- Required work: The answer must reproduce exactly the lines from the one with "2025 Neue Modelle" through the end of the material, and it must contain no pictures.

== Segment start ==

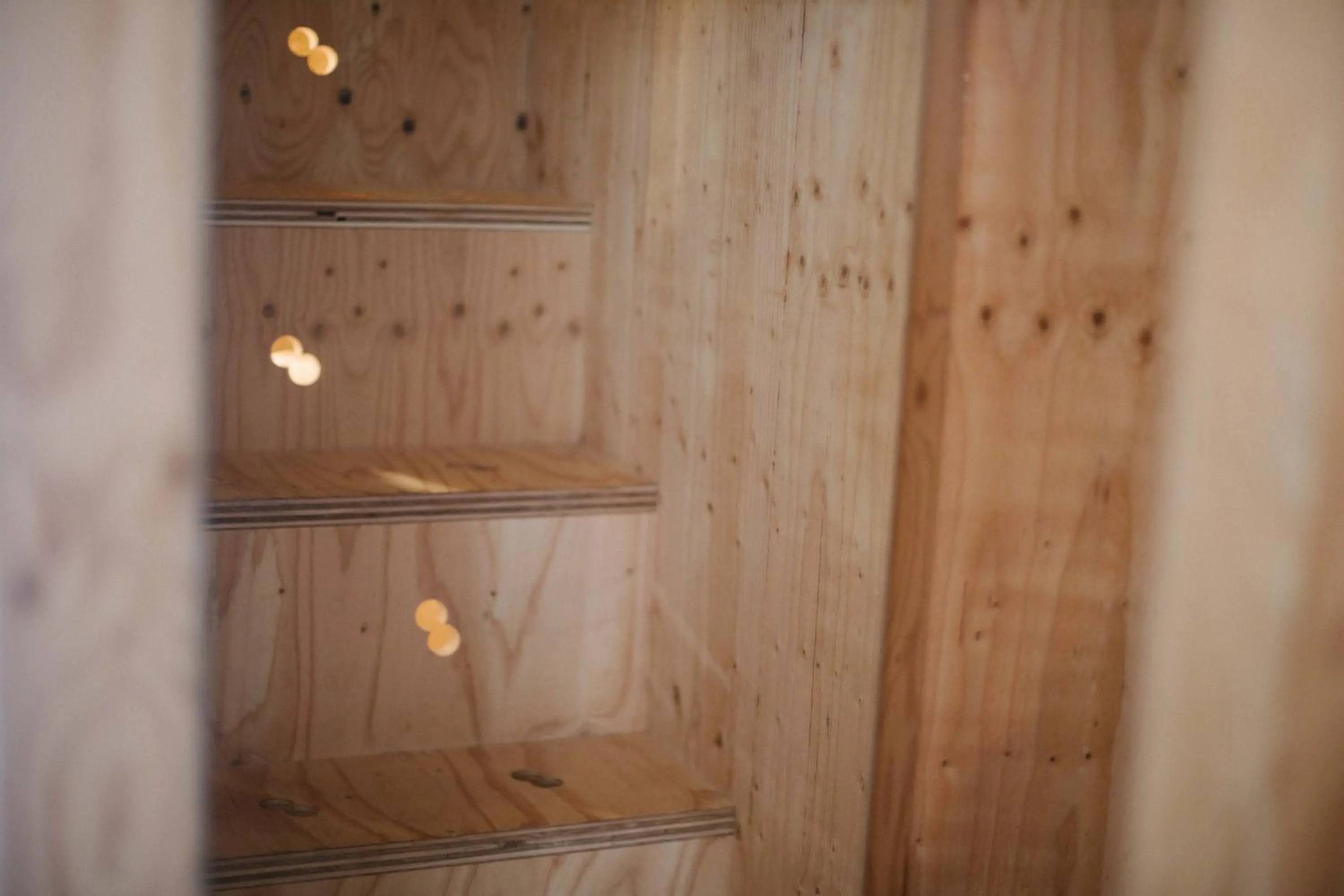 Living room in Sunny Day Hostel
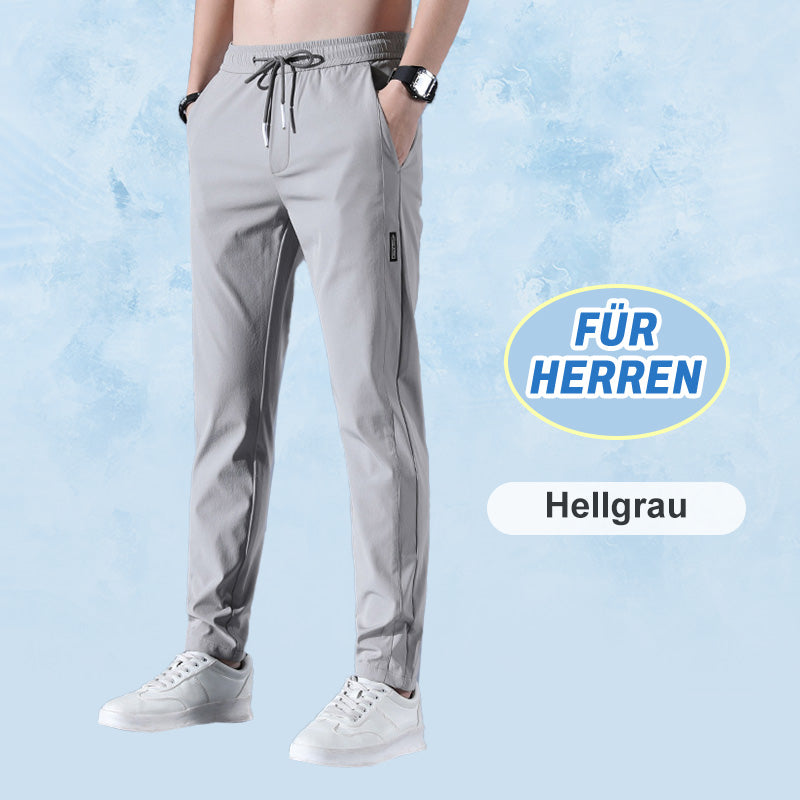2025 Neue Modelle Unisex schnell trocknende Stretchhosen
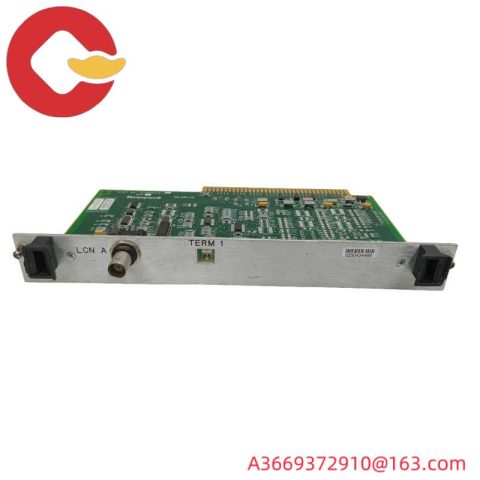 Honeywell 51305072-200 CLCN-A PLC Module for Industrial Automation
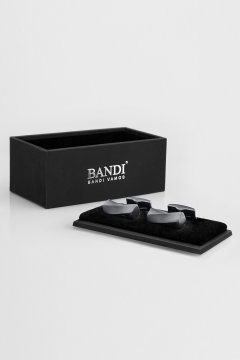 Manžetové knoflíčky BANDI, model LUX 299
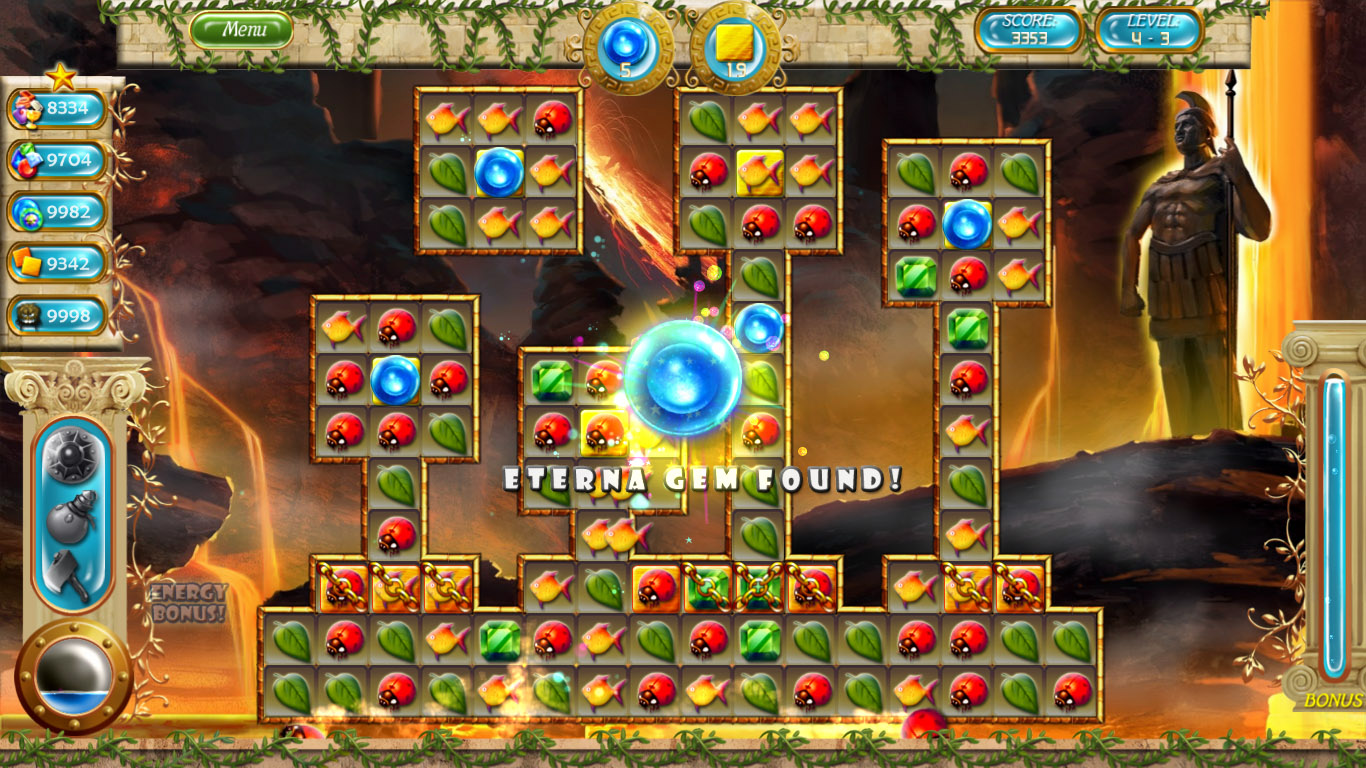 Image result for the trials of olympus iii king of the world download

== Segment end ==

- Exercise output:
2025 Neue Modelle Unisex schnell trocknende Stretchhosen
 Honeywell 51305072-200 CLCN-A PLC Module for Industrial Automation
 Manžetové knoflíčky BANDI, model LUX 299
 Image result for the trials of olympus iii king of the world download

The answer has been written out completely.